I want a spinning spice rack...

The originals were, as near as I can tell, about 30" high to the work surface. A standard work surface today is about 36" high. This makes sense.. I have a dining room table from the 1800s which is about 6" lower than a dining room table from today.. and the table from the 1920s was right about between the two. My husband hated that 1920 table so much we gave it away.. he couldn't sit down without sending the whole thing flying. I use the 1800s version as my desk top.. perfect typing height!

If you google madly you come up with obscure sites and questions on these units.. one woman wanted to know if she could raise her Hoosier up to a modern counter height and received several suggestions. I think either the kit or the new version could be made with taller legs if you asked them to.

I have a serious want issue here.. the idea of having something I could roll to where I needed it.. all that storage.. a work surface..

AAAAAAAAAAAAAAA!!!


----------



## Honduras Trish (Nov 30, 2007)

I rescued my Hoosier from my grandparents' basement when Grandpap died and they were clearing out the house. It had some rotted wood in the back, but I had it repaired and refinished and I use it in my kitchen - mostly keeping spices in the top, bread in the bread drawer, and large items like baking sheets in the large lower cabinet. I'd love to use the flour storage/sifter, but I'm pretty sure it would be a bad idea here in the tropics. Mostly I just enjoy knowing that I'm using something my grandmother and great grandmother used in their kitchen!


----------



## Fae (Mar 9, 2005)

I don't use mine in the kitchen right now but plan to use it when I build my cabin in the yard. I bought it a few years ago at a resale store for $250 and had to redo it. I don't use the flour bin although I still have it in case I ever want to put it back in.

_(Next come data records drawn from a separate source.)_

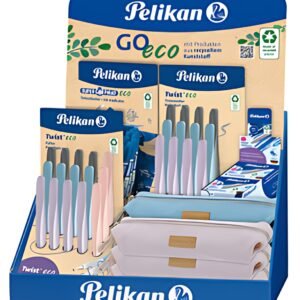 Pelikan Présentoir scolaire: eco accessoires d'écriture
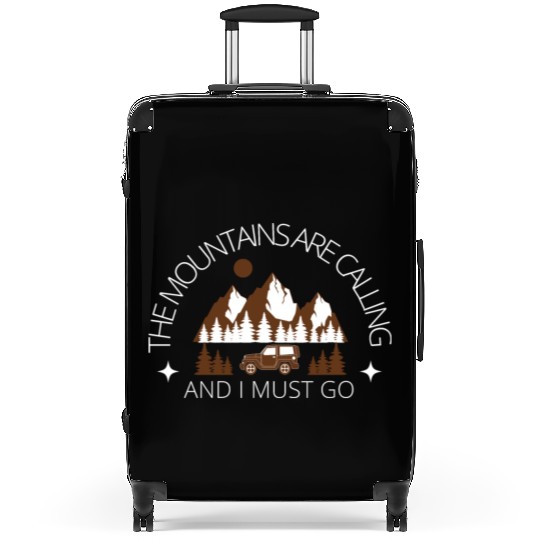 The Mountains are Calling, Camp Lover Suitcases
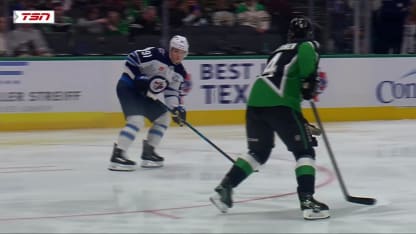 WPG@DAL: Vilardi scores goal against Jake Oettinger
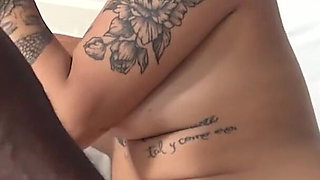 An Innocent Young Woman with Perfect Natural Tits Is Convinced by a Lying Producer to Fuck a Black Man. Valeria Del Rio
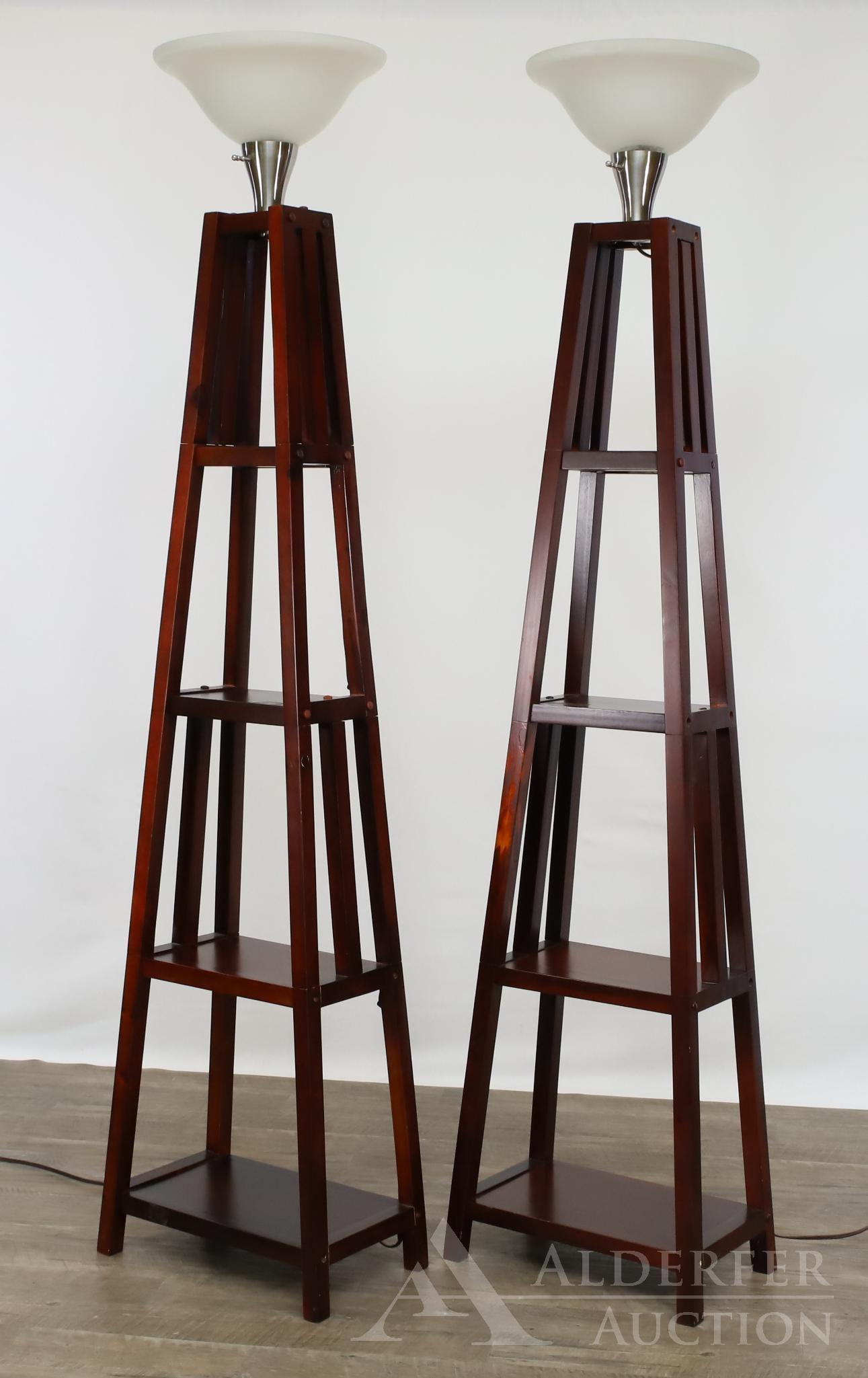 Contemporay Tower Floor Lamps (1 of 7)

Instead I had my son change it so the hinges are on the side of the door instead of the top and put a shelf between the space for the flour bin and the lower part where your bowl set to sift the flour into. It gives me more space for storage. I just did not want to use the flour bin because of bugs and I just don't use that much flour any more. I am presently using it as my office space with my computer on it. Stripping it was a booger because it had a layer of red paint, a layer of blue paint and a layer of yellow paint before the original color of spring green. I painted it Antique Lace( creamy off white) and had some paint mixed to match the spring green and plan to do some accent with it later on. I love mine and wish I had room to put it in my kitchen.


----------



## Mickey (Aug 28, 2002)

Mine is in my kitchen and gets used everyday. I keep my KitchenAid on the metal work surface along with a set of mixing bowls. I keep all my herbs and spices behind the tambour door and other baking needs like jars of baking soda, powder, raisins, dates, salt,bottles of molasses & vanilla, chocolate chips, baking cocoa, a can of shortening, etc. in the smaller cupboards above the tambour door. There's a wide divided drawer under the work surface where I keep my tableware, serving utensils, extra carving knives, skewers, rubber spatulas and a bunch of other "kitchen" stuff.
The big cupboard underneath is used for storage and holds alot of stuff. It has 3 drawers on the right side. The big one on the bottom is metal lined and was intended to be used for storing breads and pastries, but I keep all my boxes of plastic bags in there instead. It also has a swing out flour bin and a sugar dispenser.
I can't think of a single "con" about a Hoosier cupboard. I agree with the person above that said she thinks they went out of fashion because built-ins became popular. Mine is a large one and has a big foot print, but our house is an antique cape with very few closets and no built-in cupboards, so I'd be lost without my Hoosier. It's a complete bake center all in one convenient place and provides tons of storage space.


----------



## RebelDigger (Aug 5, 2010)

There was a Hoosier in the kitchen of the victorian we used to live in. Although it was neat and all, I sold it because I had it's great granddaddy, a wooden baker's stand made of cypress. It has a hutch top with shelves and two small drawers, a large counter surface, a pull out wooden kneading board, two small drawers for stuff above two "possum belly" (we call them around here) bins underneat for flour and sugar or whatever. I love it and it will fit in nicely in the old dogtrot farmhouse kitchen when we get moved in.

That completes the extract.